Risky Business – Are There Options for Safer Banking?

Risky Business – Are There Options for Safer Banking?

Recently I got a nerdy-looking pair of reading glasses and I decided to read a super nerdy report just to get, well, the full nerd experience. The report popped up in an email and it promised to reveal “how banks are doing post-economic crisis”*.

Of course, many of us still keep  money in a bank and sometimes we worry about that.  Part of being prepared for emergencies means keeping a finger on the pulse of industries that we used to assume were humming along just fine. However, the last few years have revealed we all need to be much more aware of what’s happening in the world around us. The recent economic crisis exposed major flaws in banking practices and those flaws ended up affecting every one of us, so none of us should stop being concerned.
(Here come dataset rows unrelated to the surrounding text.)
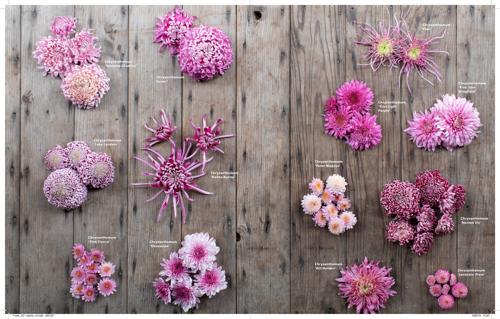 Floret Farm's A Year in Flowers Gardening & Floral Design Book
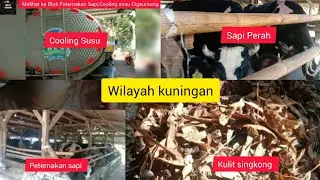 Melihat Blok ternak sapi dan Cooling susu sapi yang ada di Cigugur Kuningan Jabar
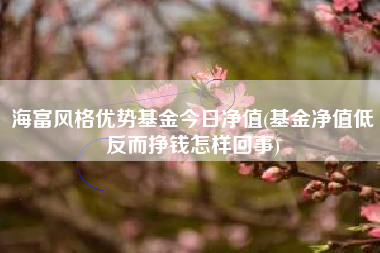 海富风格优势基金今日净值(基金净值低反而挣钱怎样回事)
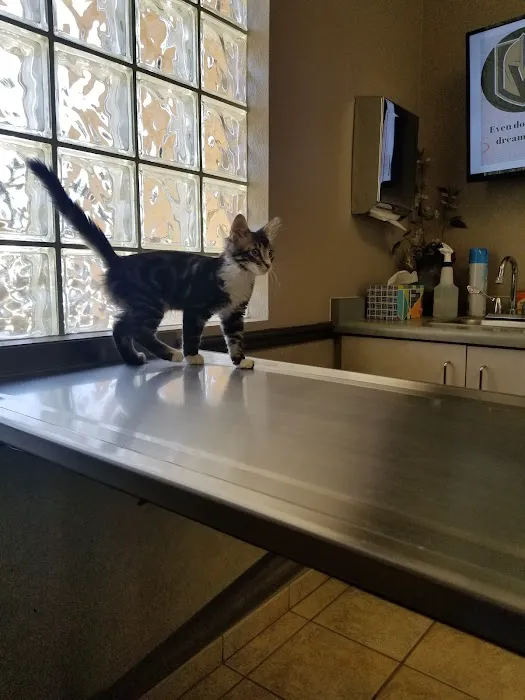 Banfield Pet Hospital 7
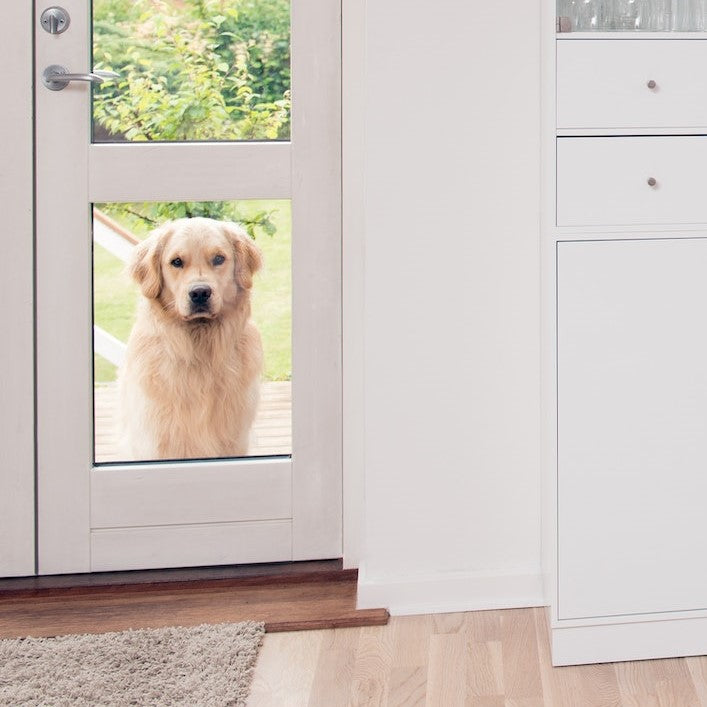 Electronic dog outlet door installation
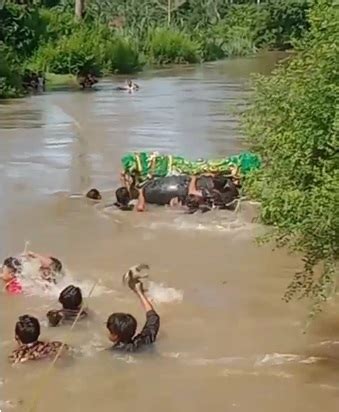 Tak Ada Jembatan Warga Pelosok Pesisir Barat Lampung Nyaris Hanyut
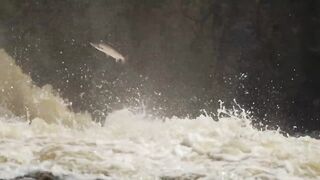 LOOP Travel - Pinware river, Labrador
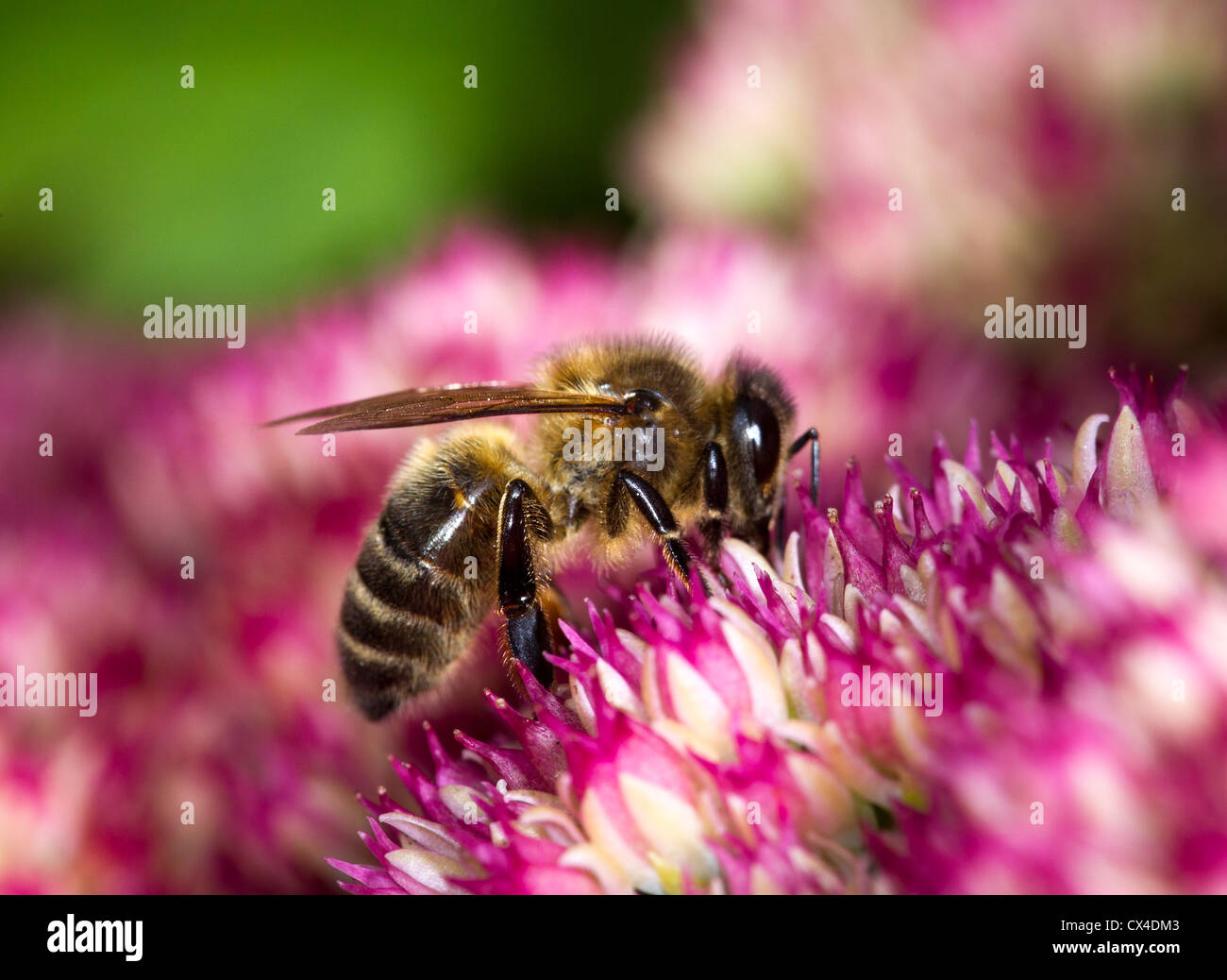 Honey bee (Apls mellifera) collecting nectar from sedum (stonecrop), a garden succulent bearing pink flowers in Autumn Stock Photo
We can’t assume that banks have learned their lessons and adopted more stable means of making a profit. You may or may not be surprised to learn that some banks are still going after high profits, regardless of risk. The good news is consumers who are awake can choose to put their money and investments with banks that have adopted a more conservative approach. We won’t tell you where to bank, and the report doesn’t name names, but here’s the gist of what the report said to look for if you’re looking for the safest banking option possible:

When banks want to make more money, they typically relax their loan standards. Relaxed standards attract customers who are not great candidates for loan payback and probably would not qualify at a more conservative bank. As we’ve seen, relaxed standards usually happen in a good economy because banks think the risk of loan default is low, and that’s part of what happened to the banking industry in 2009.

The riskiest banks, the banks that could be in danger of collapsing under the weight of their own debt in the future, are the banks that give out the most loans. If your bank is advertising how easy it is to get a loan there or they’re advertising loan programs for people with not such great credit, it’s likely they’re taking high risks and you might want to move your money somewhere else.

On the other hand, banks that don’t make all their money from loan interest are the least risky. These are usually smaller banks that have diversified services so they don’t have to depend on loan interest to stay afloat. Credit Unions, local banks and even bigger banks that aren’t advertising lots of easy, available cash may be good candidates for your business.

The analysis in this report showed that banks are still taking risks on a pretty big scale so as consumers, we need to stay aware. If a bank has relaxed loan standards in order to attract more customers and beat the competition, it could spell trouble for you. Watch your bank’s advertising, see how heavily they’re promoting easy loans or loans for people who are repairing credit.

The general wisdom is this: the harder it is for you to get a loan at your own bank, the safer your money is in a downturn.

*The report is called Which Banks Are More Risky? and it was published by Deutsche Bundesbank last year.